## [Supplied records]
++++
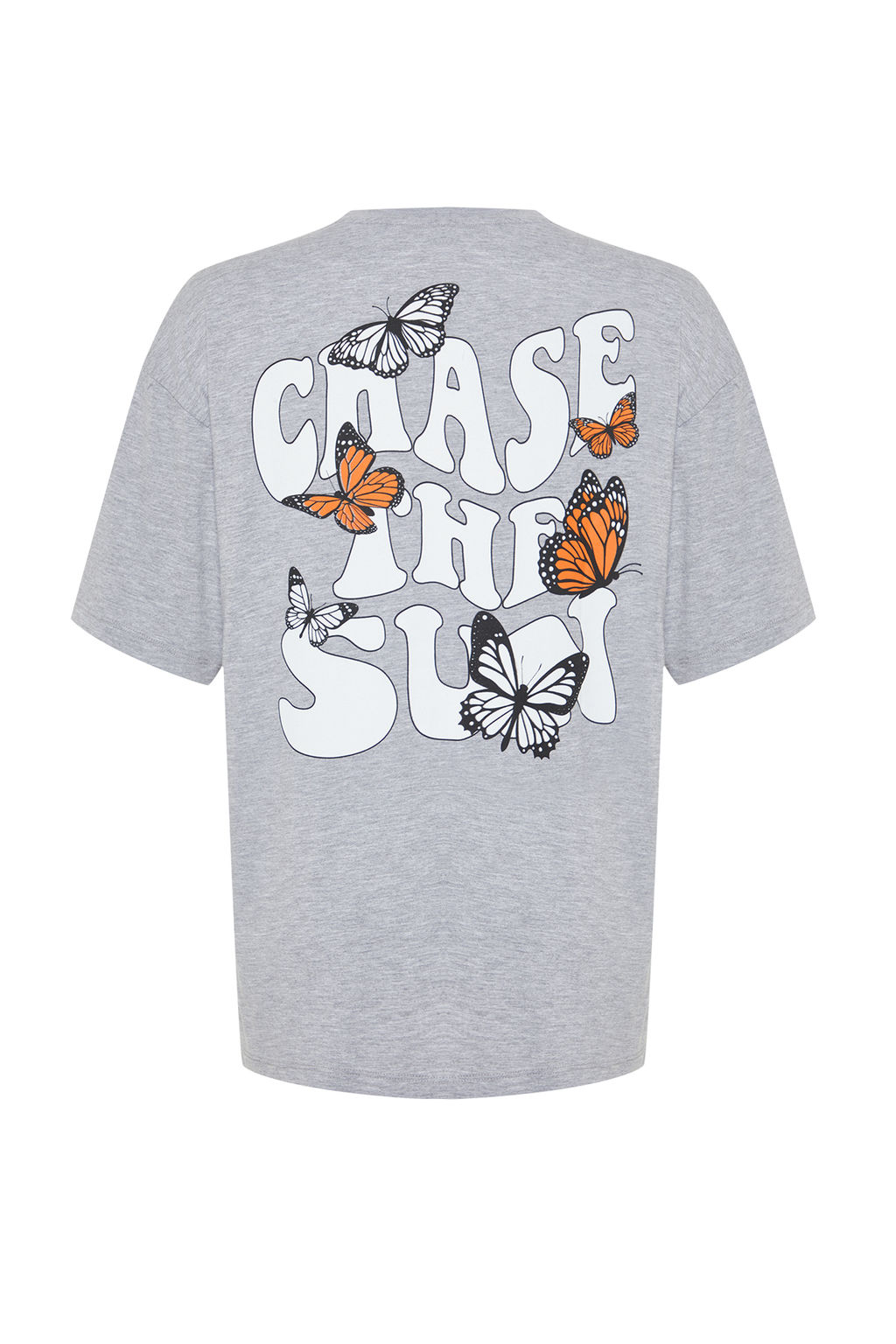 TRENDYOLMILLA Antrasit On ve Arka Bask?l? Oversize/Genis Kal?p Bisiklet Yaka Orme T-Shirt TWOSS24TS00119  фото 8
++++
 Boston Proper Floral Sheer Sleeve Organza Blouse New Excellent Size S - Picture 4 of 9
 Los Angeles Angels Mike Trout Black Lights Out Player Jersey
++++
## [Work item]
Scan the entries above for the line containing "Boston Proper Floral", and copy it and all lines after it exactly, down to and including the line containing "Los Angeles Angels".

## [Result of this exercise]
 Boston Proper Floral Sheer Sleeve Organza Blouse New Excellent Size S - Picture 4 of 9
 Los Angeles Angels Mike Trout Black Lights Out Player Jersey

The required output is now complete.